I read a lot of fanzines in the aftermath of punk despite most regurgitating the same old theories and the same old groups. In the mad rush of the early 80’s, with something new and thrilling emerging almost every day, I forgot all about fanzines except for two. Lindsay Hutton’s Next Big Thing and Chris Coleman’s What A Nice Way To Turn Seventeen were beacons of brilliance in an oh so predictable literary landscape. They both ploughed their own furrow regardless of any trend or fashion and stayed true to their own cause. And they were all the more readable for that. With my inborn tendency to flip about all over the place they persuaded me to stay a while longer in their very particular world of maverick rock’n’rollers.
What A Nice Way To Turn Seventeen only lasted for three years, six issues, one EP and two compilation LP’s. Its brilliant writing persuaded me to remember then reconsider my love for The Stones, Bolan and Johnny Thunders and introduced me to the lesser known delights of Nikki Sudden, Dave Kusworth and that whole Leamington Spa/Coventry scene. In its selective way it helped me tune back into the indefatigable spirit of rock’n’roll; the swagger, the glamour, the pure beauty of it. What A Nice Way To Turn Seventeen was everything a fanzine could ever hope to be and a whole heap more. Hopefully these 10 songs evoke the spirit that poured from its every page.
1. The Heartbreakers / Born To Lose (L.A.M.F LP October 1977)
Chris Coleman and Nikki Sudden loved Johnny Thunders so much they did a special one off issue dedicated to him. The best thing I can say about that is it completely changed my view of him as a no good junkie loser. No question, ‘Born To Lose’ is the greatest Heartbreakers tune by a mile.
2. Alex Chilton / Bangkok (Single A Side June 1978)
Alex Chilton was another What A Nice Way To Turn Seventeen favourite, one of those semi mythical cult figures who has always been adored despite his solo stuff being something of a disaster, ‘Bankok’ was one of the few records that lived up to the legend.
3. Vic Godard & Subway Sect / Stop That Girl (Single A Side January 1981)
Another outsider buried deep within the myth of punk, Vic Godard never seemed to get the breaks he deserved.

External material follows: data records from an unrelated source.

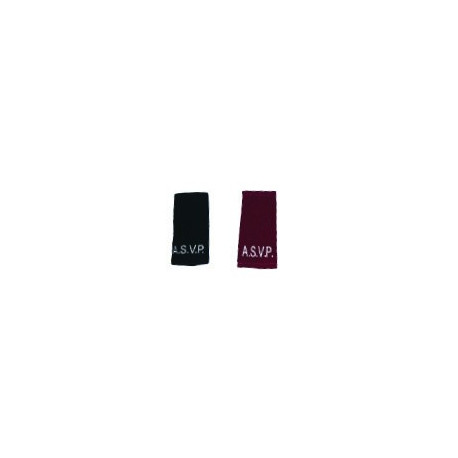 MANCHON TISSU BORDEAUX ASVP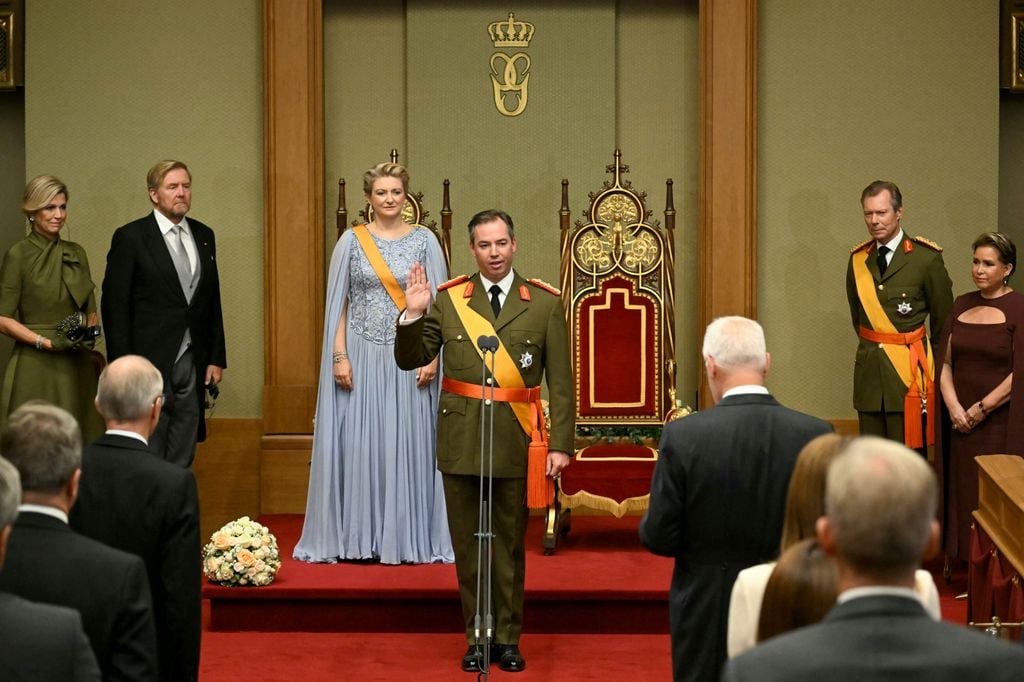 Guillermo de Luxemburgo, nuevo Gran Duque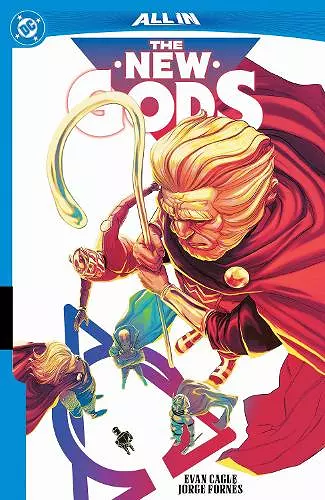 The New Gods Vol. 1: The Falling Sky cover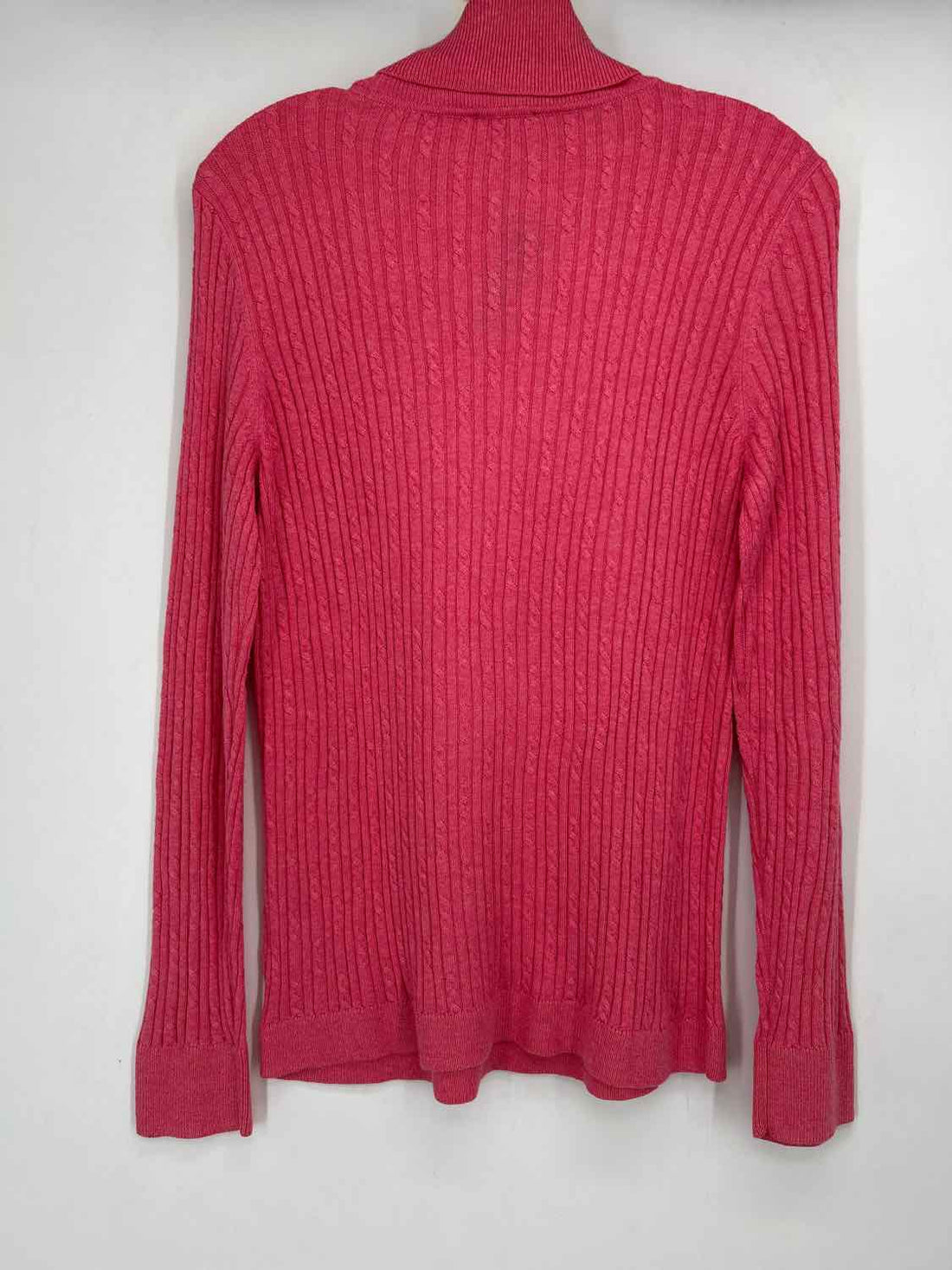 Talbots Size L Pink Sweater
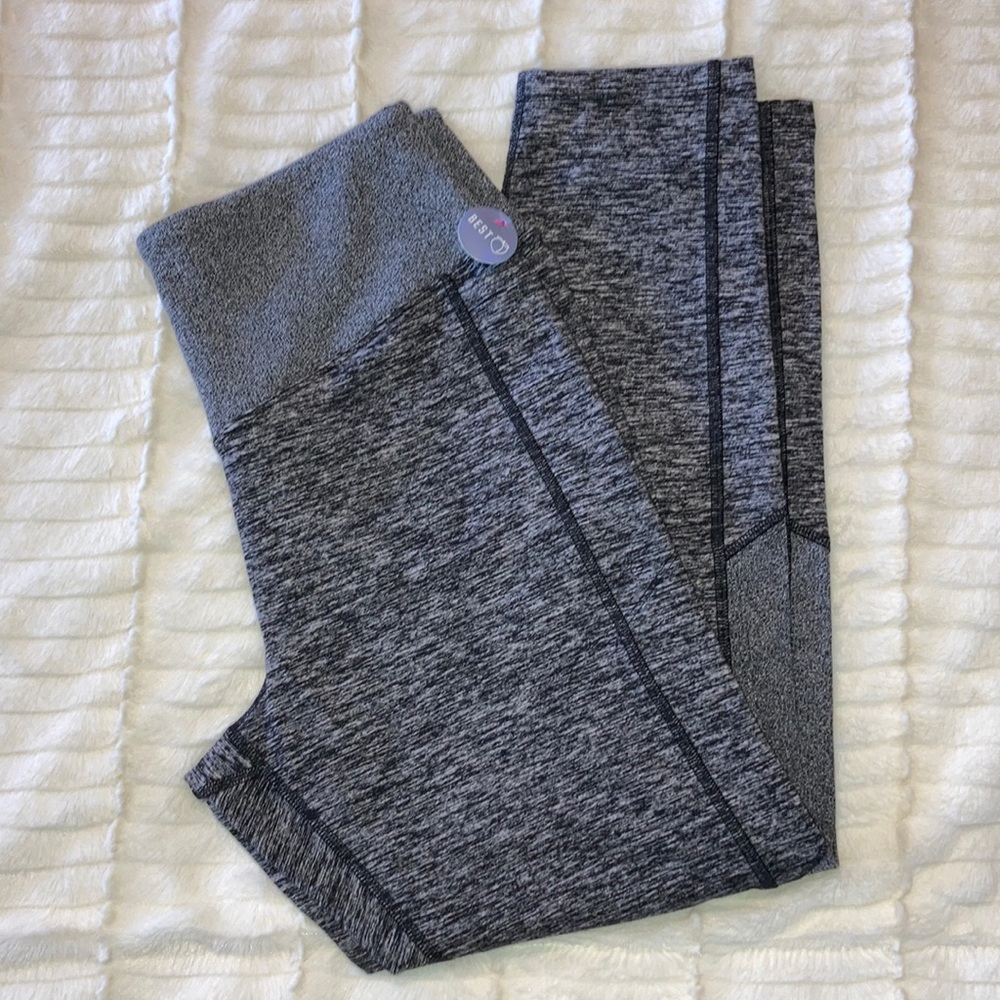 PINK High Waist Cozy Leggings - BEST 🍑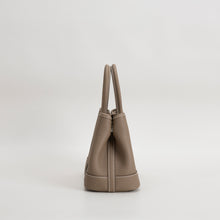 GARDEN PARTY (MINI) NEGONDA LEATHER ETOUPE WITH PALLADIUM HARDWARE (PHW)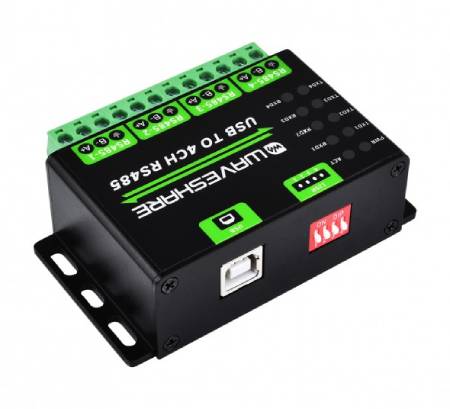 USB - 4-channel RS485 converter - CH344L - Waveshare 25219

The slightly jazzy ‘Stop That Girl’ is his own favourite from a small yet perfect catalogue.
4. Alan Vega / Jukebox Baby (Alan Vega LP September 1981)
When Suicide faded away Alan Vega disappeared off my radar until Chris Coleman investigated his solo records. ‘Jukebox Baby’ was a number one hit in that alternative universe we all wished we lived in.
5. Sneaky Feelings / Not To Take Sides (Send You LP May 1983 & WANWTTS #6 Compilation 1986)
An original part of the Flying Nun/Dunedin New Zealand thing Sneaky Feelings were fairly obscure even at the time. Their part in whatever got things moving in the Southern hemisphere has been passed over somewhat as time’s gone by but to my mind they are easily as great as their more illustrious label mates The Chills.
6. Furious Apples / Belladonna (Single B Side June 1983)
Chris Coleman put me onto these enigmatic Coventry lads and ‘Belladonna’ became a real favourite of mine.
7. Rag Dolls / Sparrows (WANWTTS #2 1984)
Dave Kusworth’s first appearance here it’s hard to believe that with craft and skill like this The Rag Dolls weren’t huge. Incredibly ‘Sparrows’ only found its way onto vinyl via What A Nice Way To Turn Seventeen‘s first four track companion EP with issue 2.
8. The Jacobites / One More String Of Pearls (Robespierre’s Velvet Basement LP August 1985)
Nikki Sudden and Dave Kusworth’s regular rock’n’roll sideline were as good if not better than their solo stuff. Robespierre’s Velvet Basement is my favourite Jacobites record, ‘Pearls’ my favourite song. I still play it regularly to this day.
9. The Replacements / Swingin’ Party (Tim November 1985)
Of course I knew a bit about The Replacements but reading more in What A Nice Way To Turn Seventeen made me listen all over again and discover what I’d been missing.
10. Nikki Sudden / This Is Still England (Single A Side March 1986 & WANWTTS # 6 1986)
When Nikki Sudden died in 2006 he left behind a massive catalogue of records. One thing’s for sure, he had always believed in rock’n’roll. It oozed out of him in the way he looked, his love of music and the songs he wrote and because of that I always thought of him as the very essence of What A Nice Way To Turn Seventeen.